Given an integer $N = p^2+3q^2$ expressible in three ways,

$$N = x_1^2+3y_1^2 = x_2^2+3y_2^2 = x_3^2+3y_3^2$$

it may be useful to let the $(x_k,y_k)$ be signed. So the given identity becomes,

$$N = (-p)^2+3(-q)^2 = \left(\frac{p+3q}2\right)^2+3\left(\frac{-p+q}2\right)^2 = \left(\frac{p-3q}2\right)^2+3\left(\frac{p+q}2\right)^2$$

such that $x_1 + x_2 + x_3 = y_1 + y_2 + y_3 = 0.$ These three $(x_k,y_k)$ will be the vertices of a triangle.

Assume the ellipse $p^2+3q^2-364=0.$ Starting with initial solution $(p,q) = (19,1)$ and using the identity above, we find three vertices. And the other initial solution $(p,q) = (17,5)$ will give three more vertices.

The blue dots give the first triangle, while the green dots give the second triangle. If instead we consider the six points as the vertices of a hexagon, then we have Pascal's Theorem,

$\hskip1.1in$

where the three pairs of the continuations of opposite sides meet on a straight line. So there is a relationship between the two triangles.

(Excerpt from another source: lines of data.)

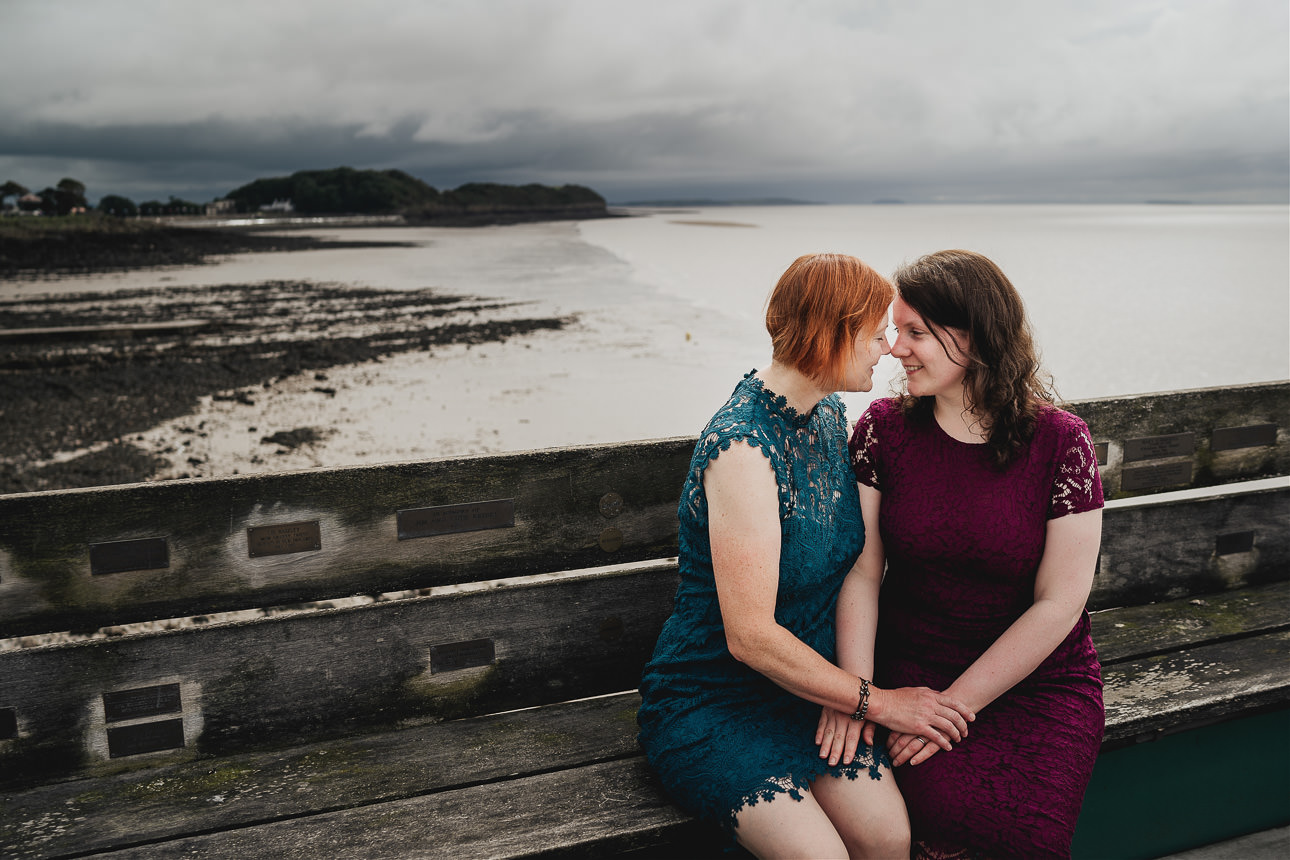 Two brides sitting together with a dramatic stormy sky behind them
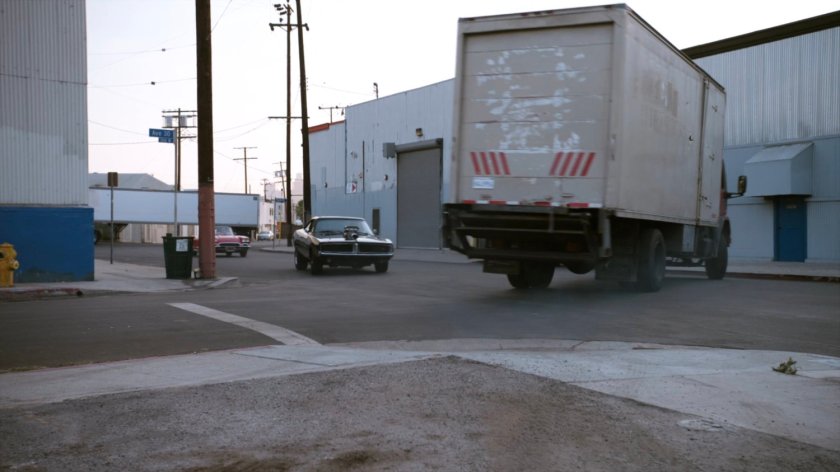 Lola chasing black Charger along street towards backing truck.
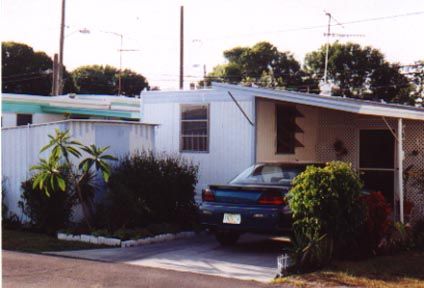 mobile home with car | Belleair Village Motel | Largo, FL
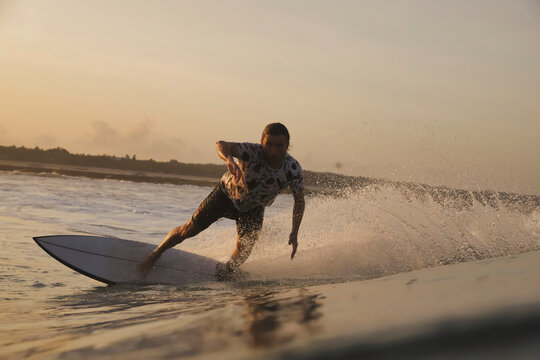 Surfer Carving Low Spray Illuminated Close Foreground Perspective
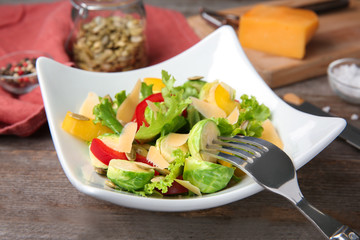 Wall Mural - Plate of tasty salad with Brussels sprouts on table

But the question is if we can derive the second from the first.

In the first post I cited, I was able to derive from one triangle (blue vertices) another triangle (green vertices), resulting in a pair of distinct polynomial sextuplets that solve $x^3+y^3+z^3 = (z+1)^3$. For example, $594^3 + 1003^3 + 20154^3 = 20155^3.$

However, as pointed out by Eric Towers, one way to see the derivation was an appropriate rotation of the first triangle since connecting all six antipodes intersect at the center. But whether there is an appropriate rotation/transformation for Bailey’s two triangles remains to be seen.